Repeat each line of the data below exactly, but skip the pictures.

Data below: Begin

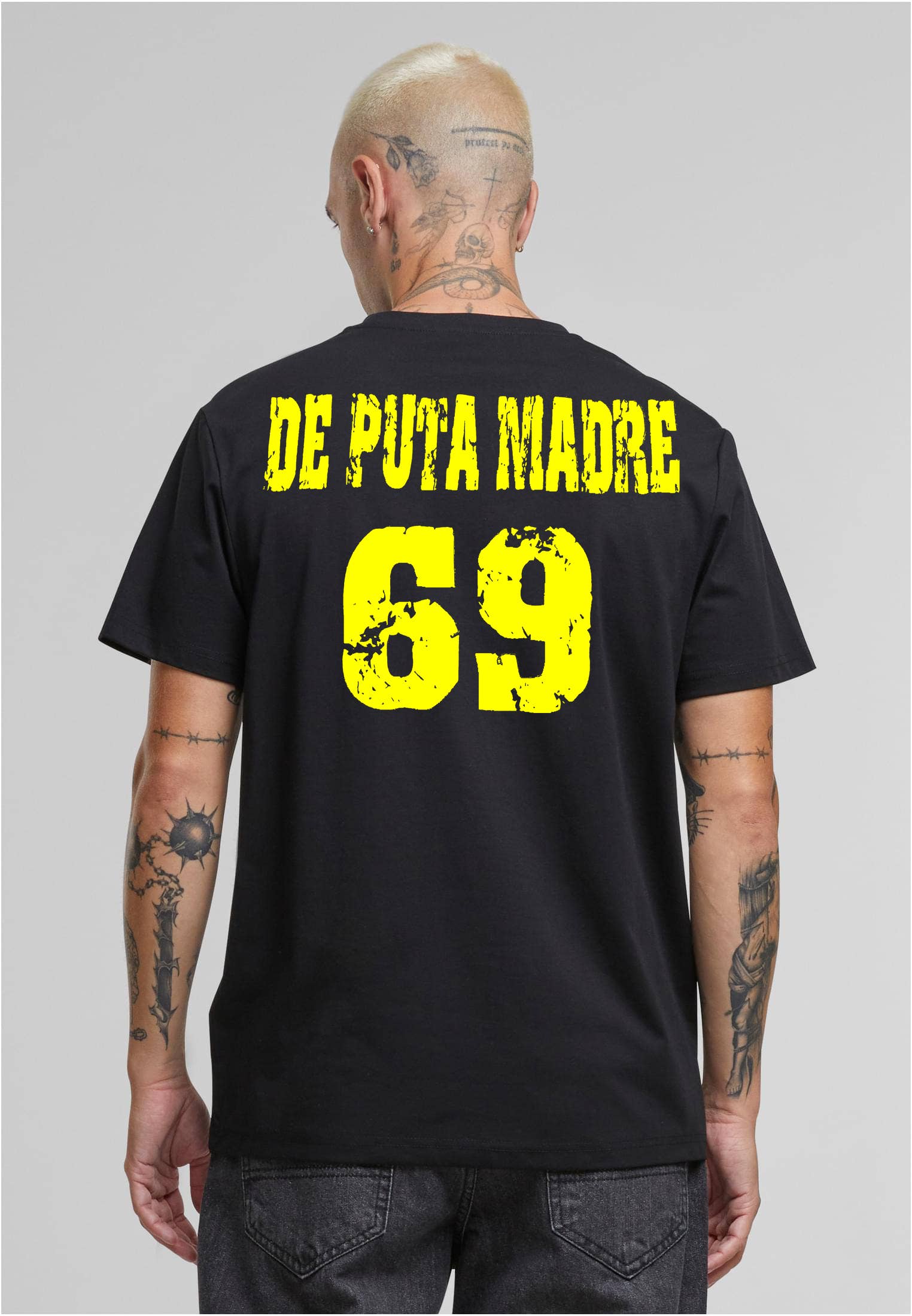 De Puta Madre 69 - Wholesale T-Shirt (Graphic) - Men's - DE PUTA MADRE 69 – Crew Neck T-Shirt (Made in Italy) Legend4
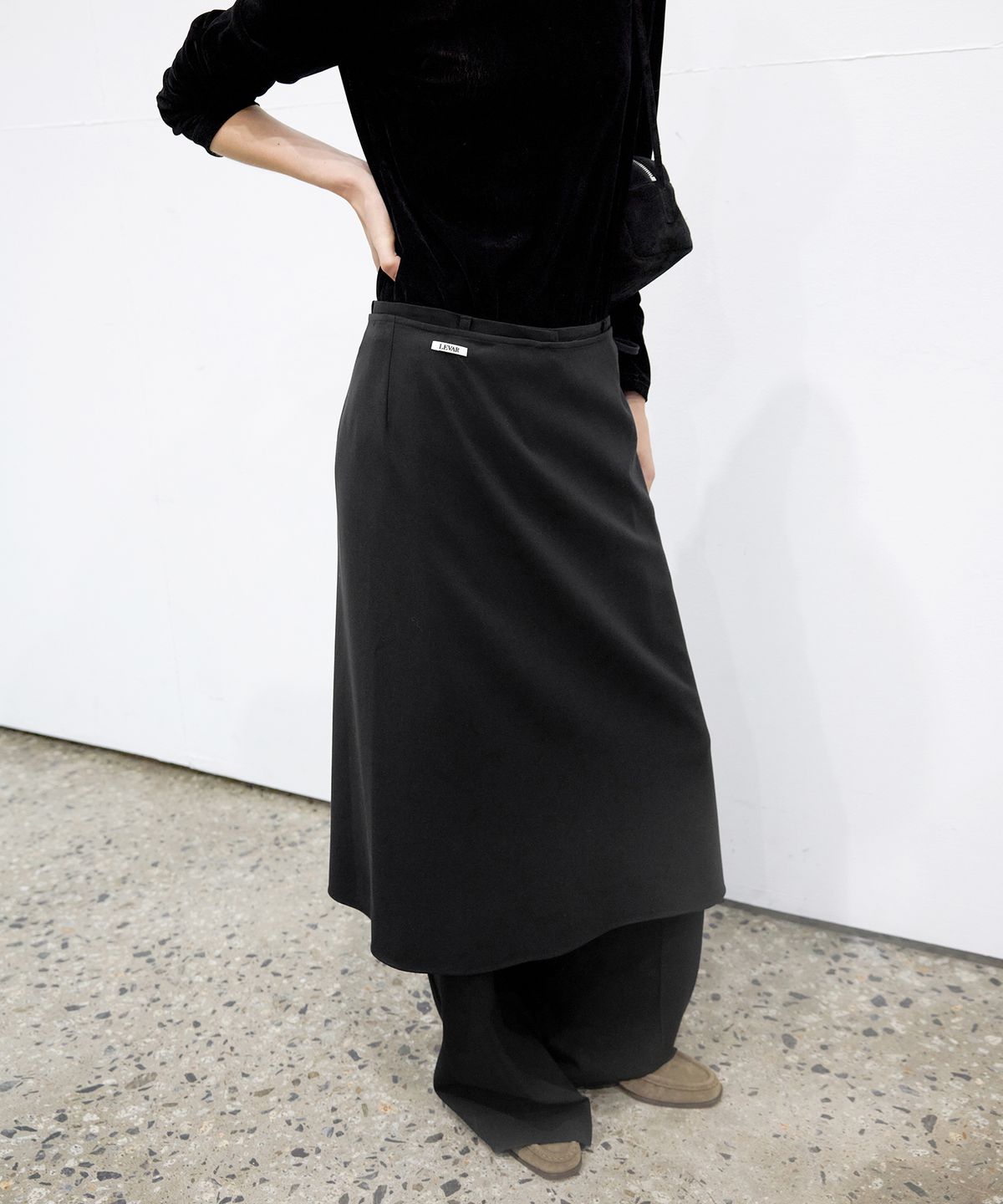 르바(LEVAR) Whenever Layered Skirt - Black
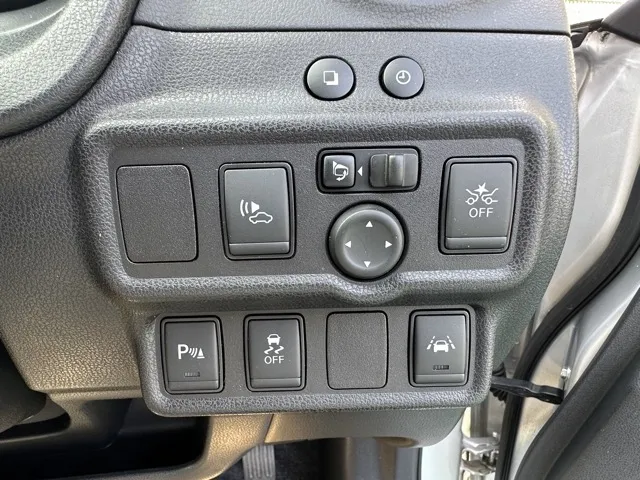 ノート(ニッサン)eパワーX中古車 12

Data below: End

** Solution for this exercise **
 De Puta Madre 69 - Wholesale T-Shirt (Graphic) - Men's - DE PUTA MADRE 69 – Crew Neck T-Shirt (Made in Italy) Legend4
 르바(LEVAR) Whenever Layered Skirt - Black
 ノート(ニッサン)eパワーX中古車 12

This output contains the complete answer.